I aslo cut out and cleaned up the axles boxes and springs ready for fitting and ran in to a little problem.
I had previously fitted some triangular (well almost) etched corner plates to the underside of the headstock/solebars. as you can see from the photos these now prevent the spring hangers from sitting flat under the sole bars. A look at the GA reveals that the spring hangers have been cut to allow the plates to be fitted but I feel that I may have fitted them in the wrong orientation and plan to remove one of them to check how it fits with the plate turned through 45 degrees.
As many will know Slaters do a really nice casting for a brake van stove. The problem with them is that they are based on an LMS(Midland?) design and although I have used them myself on other builds I have always hoped that someone would do an LNER version. For this build having got a drawing for the stove, (thanks Dave) I thought I would have a bash at making one. I am quite pleased with the results and I should have taken a shot with a 5p piece to show how big it isn’t…
I will have to straighten the jaunty chimney angle before final fitting though
Finally a couple more shots of the interior as it is at the moment.
Although I have been busy in the workshop all day I have been distracted by fitting buffers to a good number of part finished models. I did manage to get the door on the brake van hung though and it does open and close.
Finally a better shot of the internals than I managed last night.
Firstly my appologies for the crap photos’s I haven’t anywhere set up to take them at the minute so I had to do with poor lighting and try to make up for it with software but it isn’t up to much. I managed to get my hands on some styrene so the last couple of days while it has been raining I cleared a space and set up the cutter. First I cut the parts for the new door and the internal lockers/benches etc. Sadly it didn’t go without incident and on the very last cut it moved out of registration and scrapped them all. Undeterred I cut them again and they came out okay. I glued the layers for the door together and laid them between two sheets of glass to dry and it was only when I was rubbing the edges down to remove the layering that I realised that I had a few layers too many – the completed door was a scale 4″ thick. I must have been thinking I was building a bullion van or something… So third time lucky as the saying goes we have the new door sorted. And after all that I forgot to take any photos of it. While the door was drying I made up the lockers and from the drawing added hinges, and hasp and staple to each locker area. The drawing also says that the guard was to be issued one padlock, so only one of them has a padlock.

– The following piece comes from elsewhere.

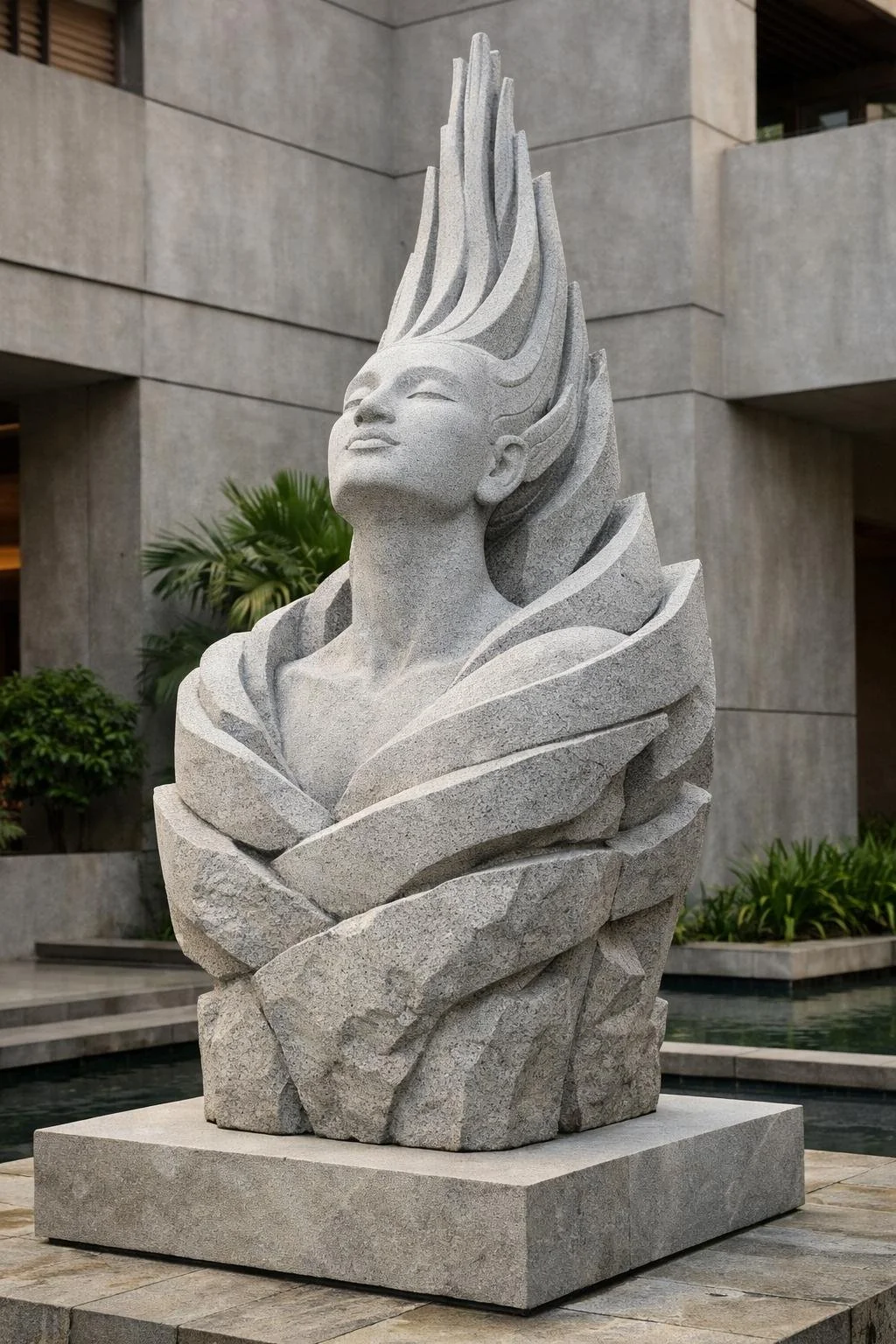 Modern stone carved satue, new style. By Solaro Art Collection.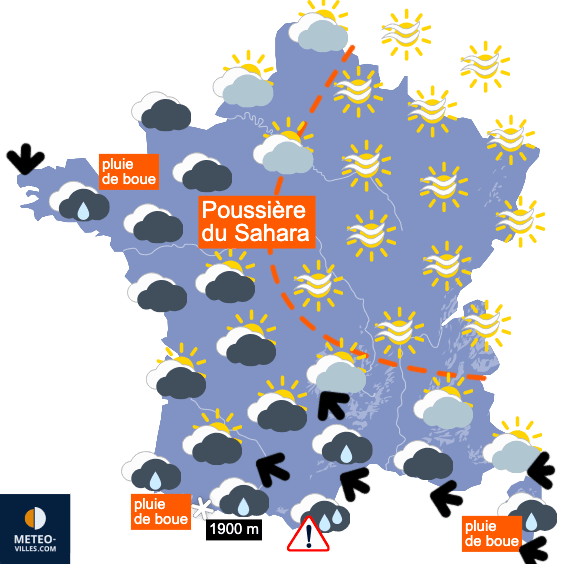 Carte de prévisions du temps du Vendredi 6 mars 2026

Having added the lining detail to the interior I set about making the Guard’s vacuum gauge and the automatic van valve etc.
All made from styrene rod and tube of various sizes. I have just realised that I have missed of the guard’s handle I will add that before final fitting. Here are a few shots of things just resting in place.
Just ready for the stove when I finish drawing and cutting it…
While waiting for the glue to dry on the first pair of W Irons I was studying the GA’s and noted that in the cain fastened to the roof is what is described as a “Running Rail with Hooks” So I thought what better to get me back into making the little details than this. I also noted that there are a couple of coat hooks too.
And finally one with the obligatory coin to give an idea of scale.
Although progress is steady because I keep getting distracted with photography the BV is moving forward. The roof now has canvas and the etched end plates have the rivets pressed out and ready to fit as is the other veranda but that won’t be done until I make the door.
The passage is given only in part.